*What needs to be done*: The entries are to be output word for word, with the pictures omitted.

——————————

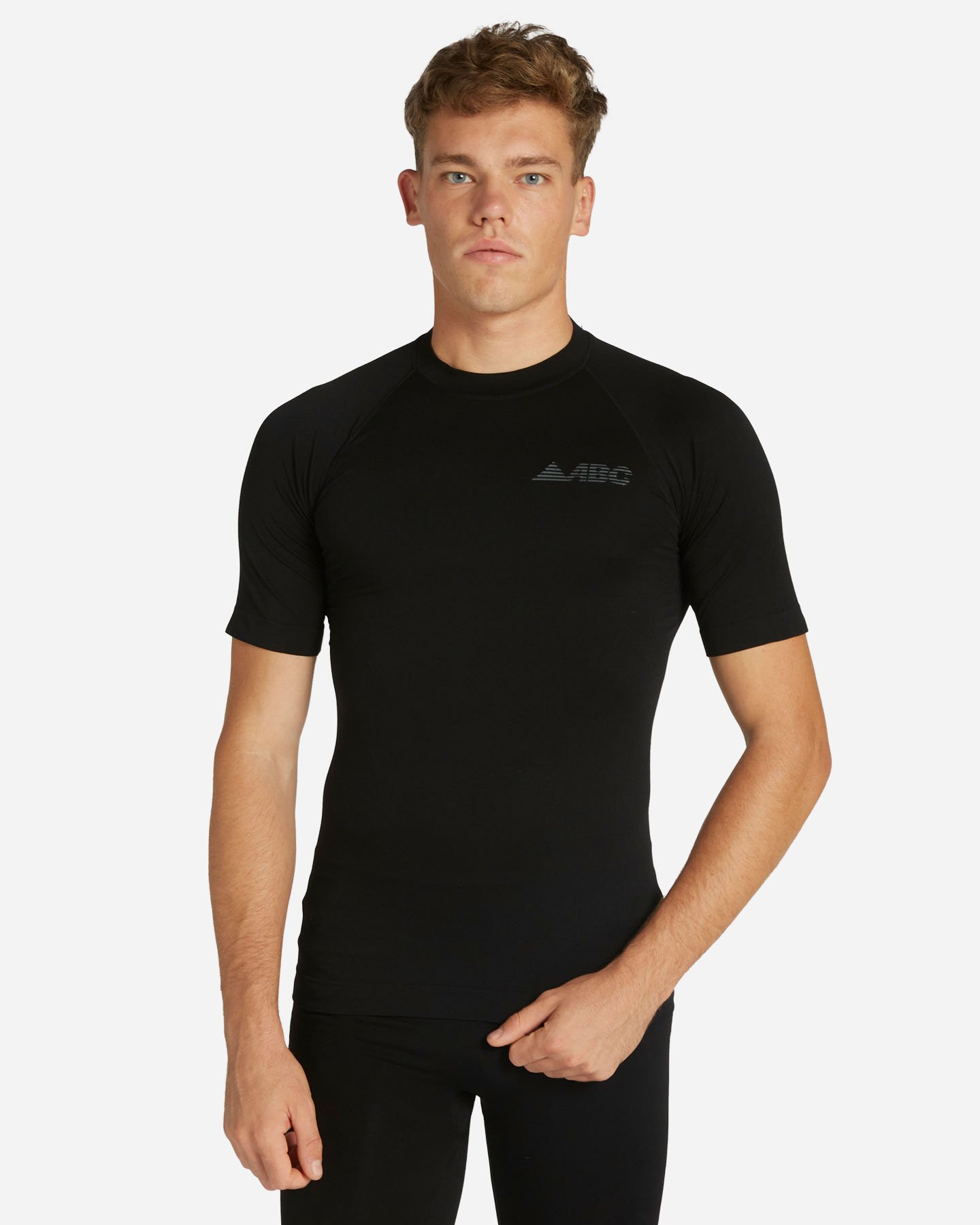 Maglia intimo tecnico ABC TERMIC M - Nero - 0 | Cisalfa Sport
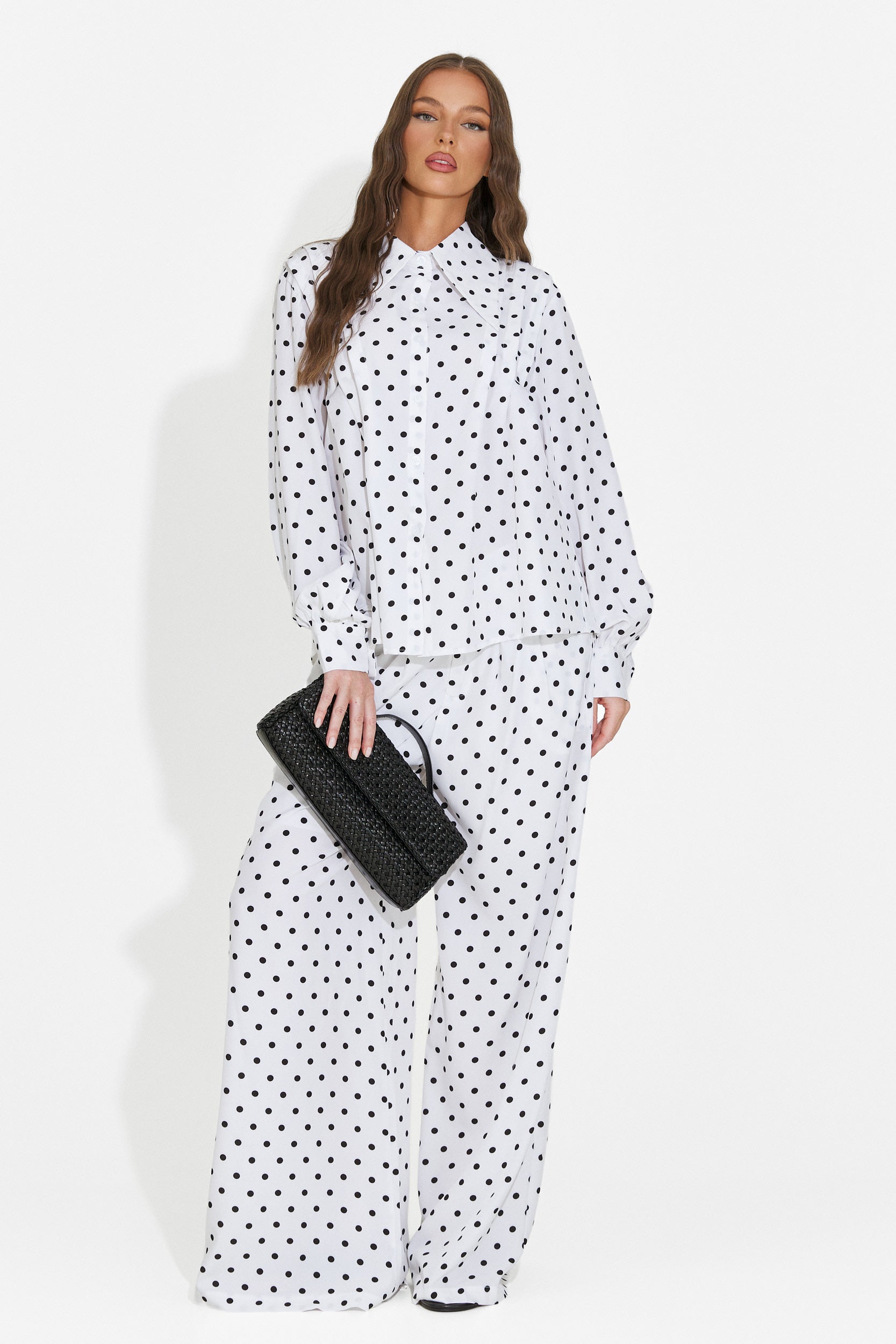Completo donna casual bianco Gabita Bogas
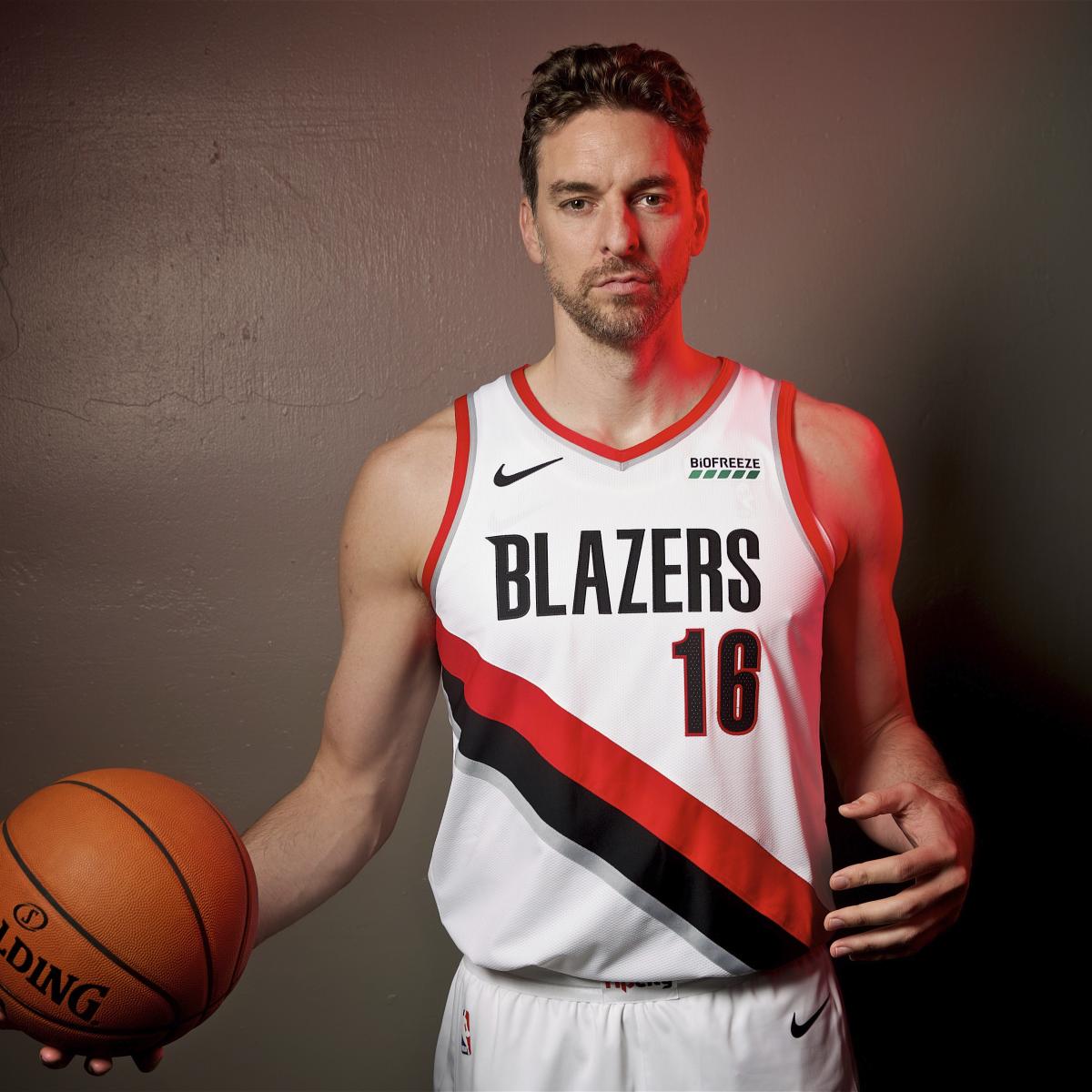 Inflate Pastor Ripples Pau Gasol Released by Trail Blazers Amid Unsuccessful Rehab from Foot  Injury | News, Scores, Highlights, Stats, and Rumors | Bleacher Report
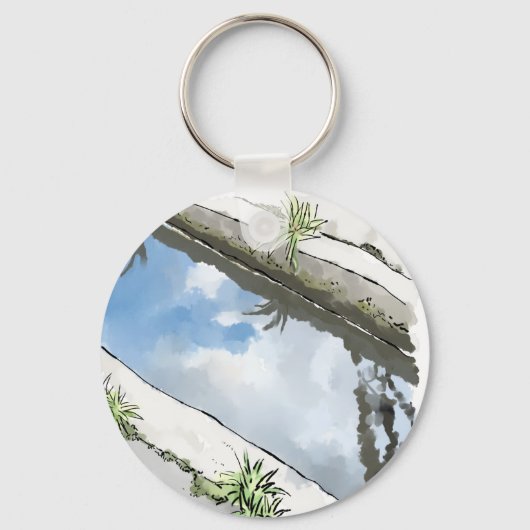 されなむじ キーホルダー (正面)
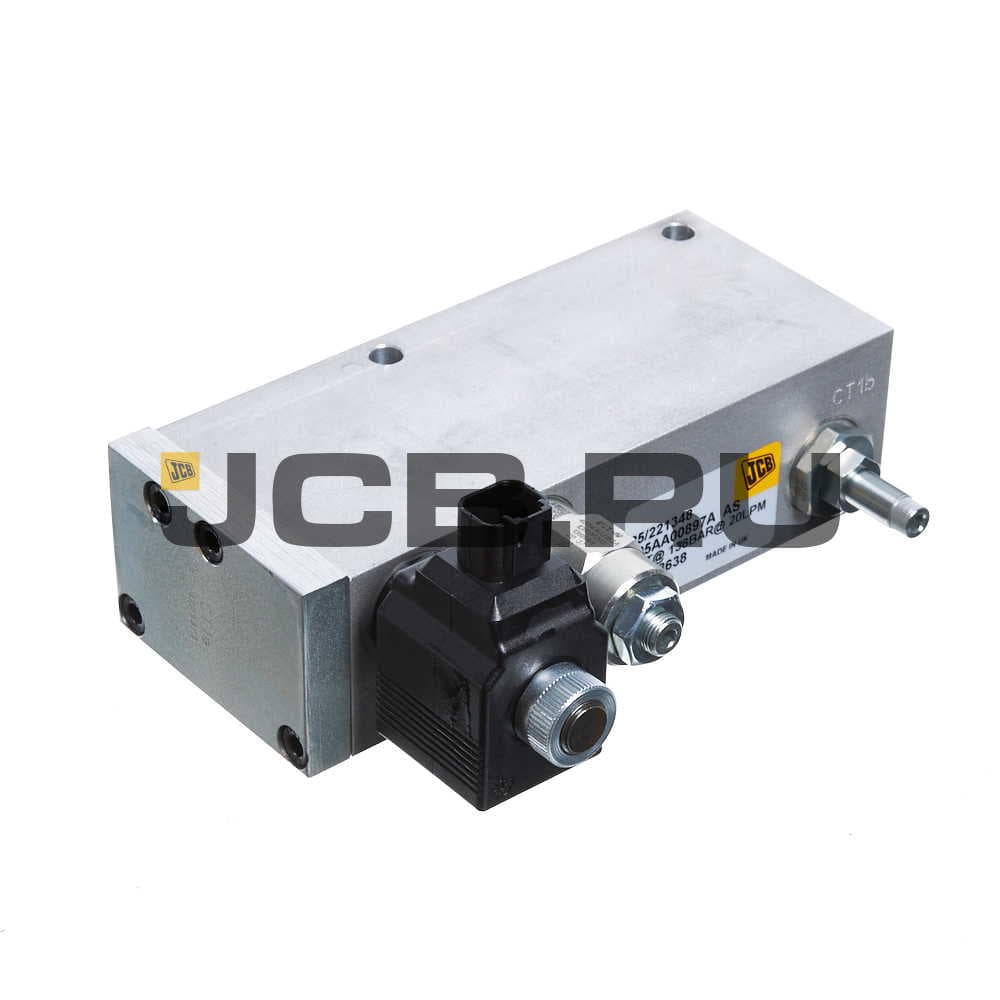 Клапан ручного инструмента JCB 25/221348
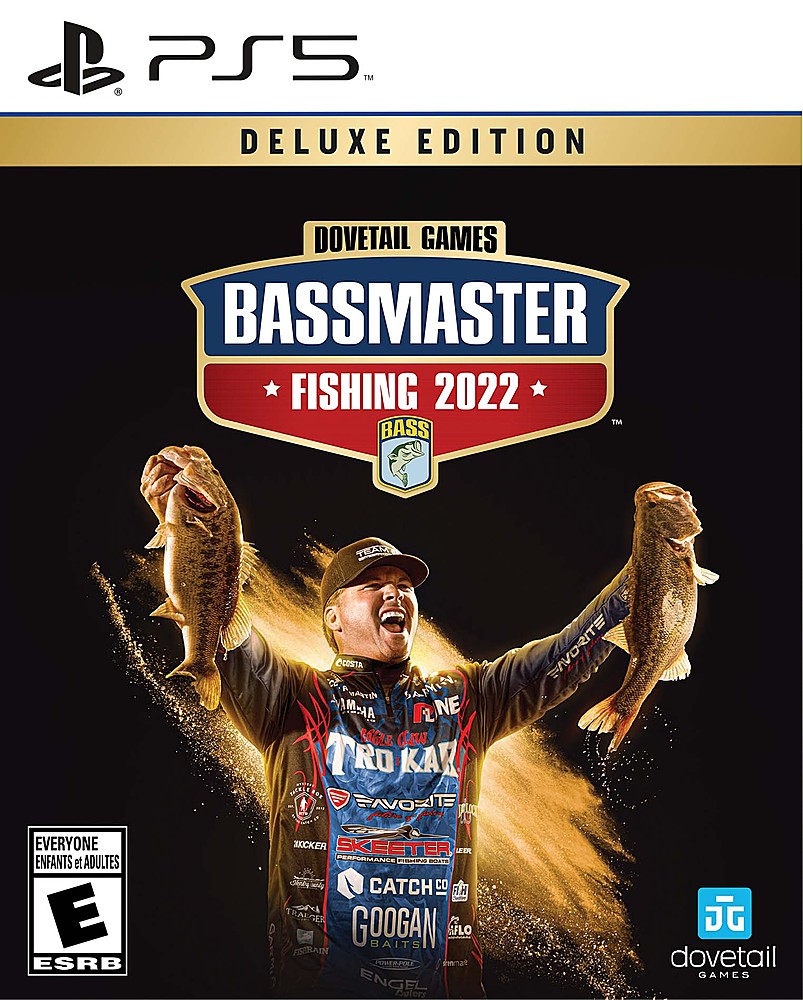 Best Buy: Bassmaster Fishing 2022 Deluxe Edition PlayStation 5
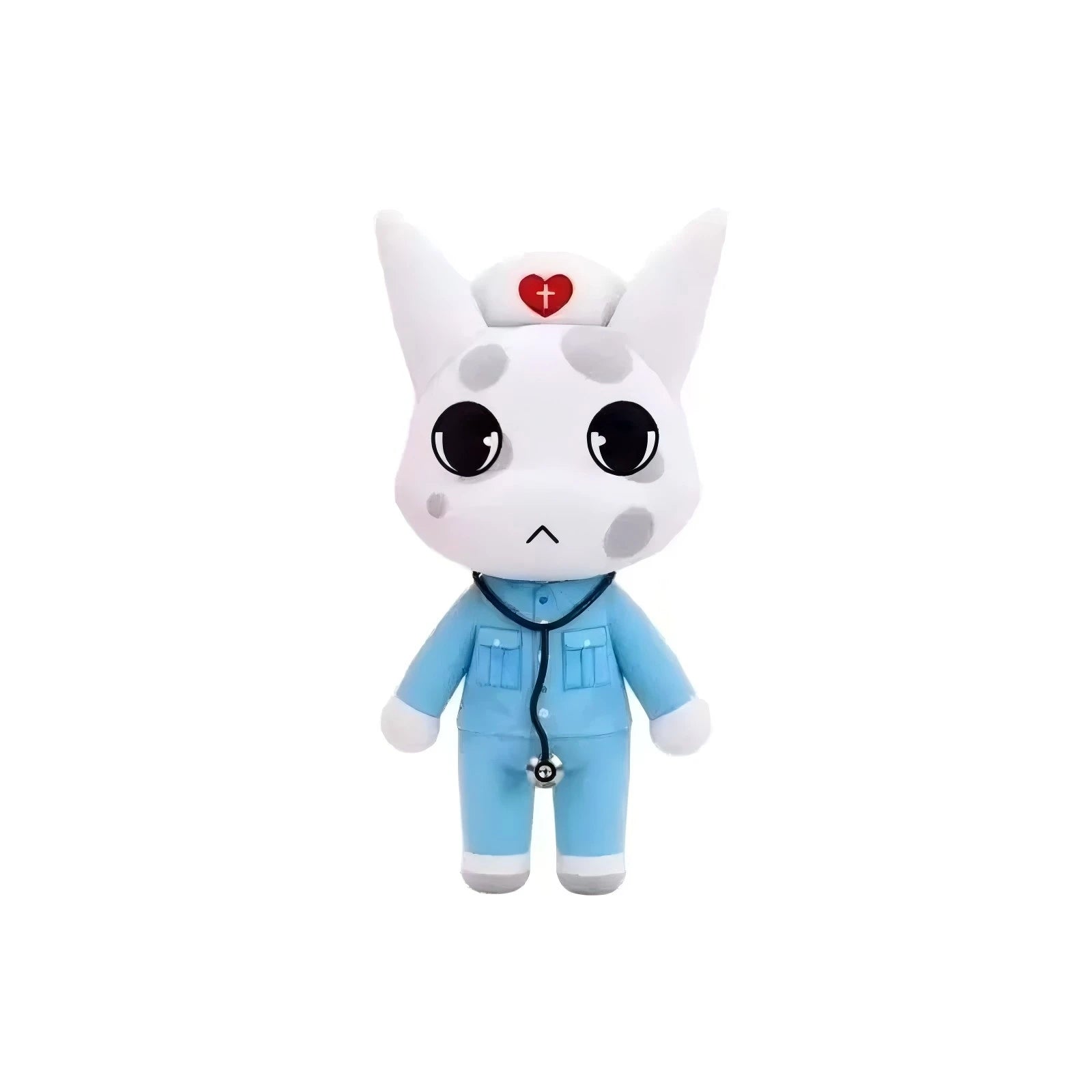 Animal Hospital Plush Toy: Horror Game, Anomaly in the Animal Hospital, Cat, Dog, Penguin, Rabbit, Animal Hospital Accessories,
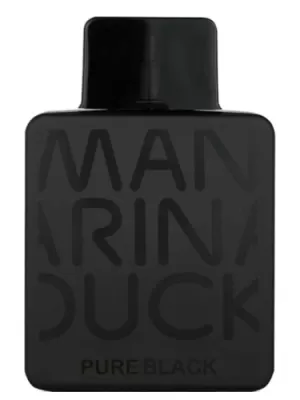 Image of Mandarina Duck Pure Black Eau de Toilette For Him 100ml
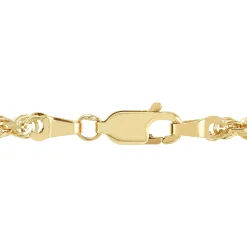 Pebbled Cross Pendant In 10K Yellow Gold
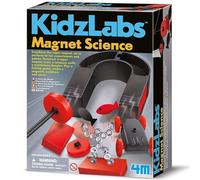 4M KidzLabs La Scienza dei Magneti - Gioco Scientifico Educativo per Bambini 8+ | Kit Esperimenti con Magneti, STEM e Scoperta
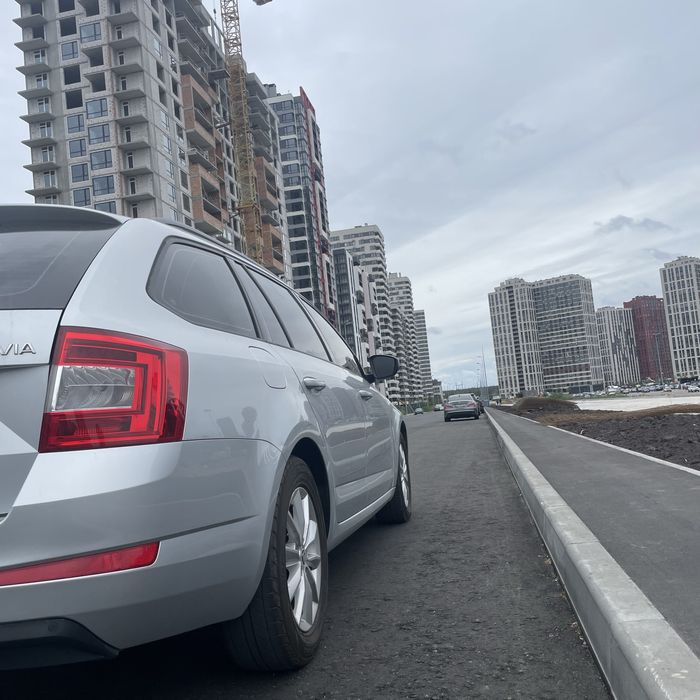 Шкода actavia A7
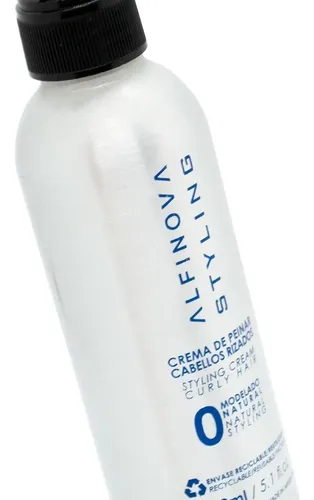 Alfinova Styling Crema De Peinar Rizos Rulos Natural 150ml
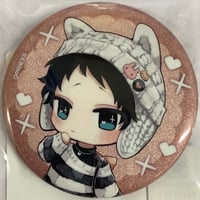 BLEACH カラオケの鉄人 雛森桃 缶バッジ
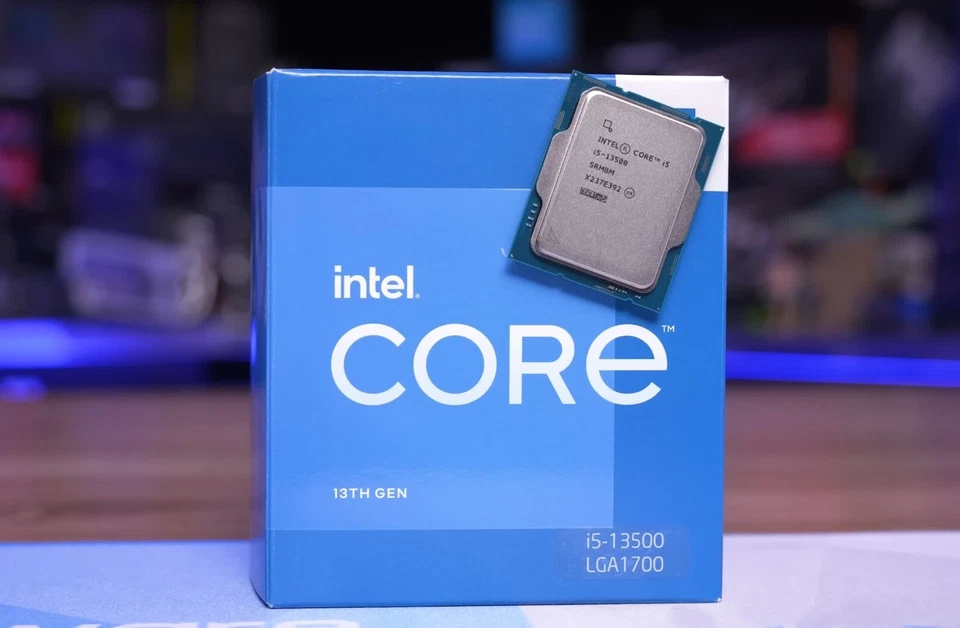 Intel Core i5-13500 TRAY Processor (2.5GHz, 14 Core, FCLGA 1700 Socket) NO BOX! - Image 2 of 2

——————————

*Result*:
 Maglia intimo tecnico ABC TERMIC M - Nero - 0 | Cisalfa Sport
Completo donna casual bianco Gabita Bogas
 Inflate Pastor Ripples Pau Gasol Released by Trail Blazers Amid Unsuccessful Rehab from Foot  Injury | News, Scores, Highlights, Stats, and Rumors | Bleacher Report
 されなむじ キーホルダー (正面)
 Клапан ручного инструмента JCB 25/221348
 Best Buy: Bassmaster Fishing 2022 Deluxe Edition PlayStation 5
 Animal Hospital Plush Toy: Horror Game, Anomaly in the Animal Hospital, Cat, Dog, Penguin, Rabbit, Animal Hospital Accessories,
 Image of Mandarina Duck Pure Black Eau de Toilette For Him 100ml
 Pebbled Cross Pendant In 10K Yellow Gold
 4M KidzLabs La Scienza dei Magneti - Gioco Scientifico Educativo per Bambini 8+ | Kit Esperimenti con Magneti, STEM e Scoperta
 Шкода actavia A7
 Alfinova Styling Crema De Peinar Rizos Rulos Natural 150ml
 BLEACH カラオケの鉄人 雛森桃 缶バッジ
 Intel Core i5-13500 TRAY Processor (2.5GHz, 14 Core, FCLGA 1700 Socket) NO BOX! - Image 2 of 2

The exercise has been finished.